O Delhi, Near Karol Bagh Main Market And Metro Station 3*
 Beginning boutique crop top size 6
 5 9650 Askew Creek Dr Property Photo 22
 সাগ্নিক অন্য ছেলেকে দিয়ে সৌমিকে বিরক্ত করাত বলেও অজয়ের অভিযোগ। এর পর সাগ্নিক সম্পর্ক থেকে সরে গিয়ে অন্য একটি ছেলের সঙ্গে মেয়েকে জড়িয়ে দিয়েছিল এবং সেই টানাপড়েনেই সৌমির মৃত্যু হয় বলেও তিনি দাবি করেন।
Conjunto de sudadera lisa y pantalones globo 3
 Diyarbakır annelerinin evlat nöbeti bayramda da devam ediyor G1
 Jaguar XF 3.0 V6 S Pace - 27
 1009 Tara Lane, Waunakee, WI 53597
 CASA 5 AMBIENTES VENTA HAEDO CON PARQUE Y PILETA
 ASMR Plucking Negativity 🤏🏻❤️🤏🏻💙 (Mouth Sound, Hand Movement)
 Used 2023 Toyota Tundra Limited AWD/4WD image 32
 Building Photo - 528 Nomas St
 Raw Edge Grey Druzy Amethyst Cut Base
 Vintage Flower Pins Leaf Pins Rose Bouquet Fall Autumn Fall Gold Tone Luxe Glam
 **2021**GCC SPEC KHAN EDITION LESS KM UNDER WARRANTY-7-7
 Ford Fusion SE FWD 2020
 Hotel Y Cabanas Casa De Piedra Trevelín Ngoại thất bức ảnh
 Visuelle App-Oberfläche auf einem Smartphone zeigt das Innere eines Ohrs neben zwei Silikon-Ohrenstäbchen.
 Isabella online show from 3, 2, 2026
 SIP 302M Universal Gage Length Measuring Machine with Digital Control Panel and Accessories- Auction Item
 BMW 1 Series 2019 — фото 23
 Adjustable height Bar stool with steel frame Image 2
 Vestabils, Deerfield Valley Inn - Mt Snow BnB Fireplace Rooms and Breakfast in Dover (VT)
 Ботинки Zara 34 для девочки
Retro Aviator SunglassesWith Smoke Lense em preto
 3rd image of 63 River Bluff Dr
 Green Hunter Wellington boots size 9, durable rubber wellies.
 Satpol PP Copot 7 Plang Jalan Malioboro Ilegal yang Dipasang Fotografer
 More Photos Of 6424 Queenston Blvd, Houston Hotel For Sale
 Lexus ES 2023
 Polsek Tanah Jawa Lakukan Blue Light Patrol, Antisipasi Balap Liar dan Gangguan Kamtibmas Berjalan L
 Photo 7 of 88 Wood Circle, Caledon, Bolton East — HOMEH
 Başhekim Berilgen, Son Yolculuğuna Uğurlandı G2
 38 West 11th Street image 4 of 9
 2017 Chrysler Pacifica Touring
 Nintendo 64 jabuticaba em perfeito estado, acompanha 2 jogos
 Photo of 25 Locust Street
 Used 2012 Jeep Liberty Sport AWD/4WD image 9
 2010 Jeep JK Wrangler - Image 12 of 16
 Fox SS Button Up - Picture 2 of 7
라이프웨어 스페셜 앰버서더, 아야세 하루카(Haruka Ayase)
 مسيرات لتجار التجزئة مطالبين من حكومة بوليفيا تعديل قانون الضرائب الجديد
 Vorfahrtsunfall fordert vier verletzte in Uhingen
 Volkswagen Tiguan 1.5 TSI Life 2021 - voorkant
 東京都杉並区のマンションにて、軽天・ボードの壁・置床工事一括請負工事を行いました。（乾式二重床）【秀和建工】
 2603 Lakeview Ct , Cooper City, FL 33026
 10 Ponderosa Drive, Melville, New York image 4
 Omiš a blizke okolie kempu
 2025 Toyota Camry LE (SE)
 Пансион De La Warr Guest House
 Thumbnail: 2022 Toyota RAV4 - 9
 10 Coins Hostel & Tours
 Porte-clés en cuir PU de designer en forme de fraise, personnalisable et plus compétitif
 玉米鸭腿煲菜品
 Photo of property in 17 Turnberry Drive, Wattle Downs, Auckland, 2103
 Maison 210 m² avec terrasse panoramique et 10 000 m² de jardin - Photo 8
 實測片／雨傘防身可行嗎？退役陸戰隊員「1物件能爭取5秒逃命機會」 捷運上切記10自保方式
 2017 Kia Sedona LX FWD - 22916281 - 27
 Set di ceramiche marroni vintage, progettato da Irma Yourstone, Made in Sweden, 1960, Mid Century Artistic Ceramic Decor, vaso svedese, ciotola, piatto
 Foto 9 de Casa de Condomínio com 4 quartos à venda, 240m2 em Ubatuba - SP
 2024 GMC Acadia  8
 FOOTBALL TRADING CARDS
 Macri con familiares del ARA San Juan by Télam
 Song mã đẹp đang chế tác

**TASK TO COMPLETE**:
Your reply should hold only the lines from the first line of the records through the one with "5 9650 Askew Creek Dr Property Photo 22", reproduced word for word.

**YOUR SOLUTION**:
O Delhi, Near Karol Bagh Main Market And Metro Station 3*
 Beginning boutique crop top size 6
 5 9650 Askew Creek Dr Property Photo 22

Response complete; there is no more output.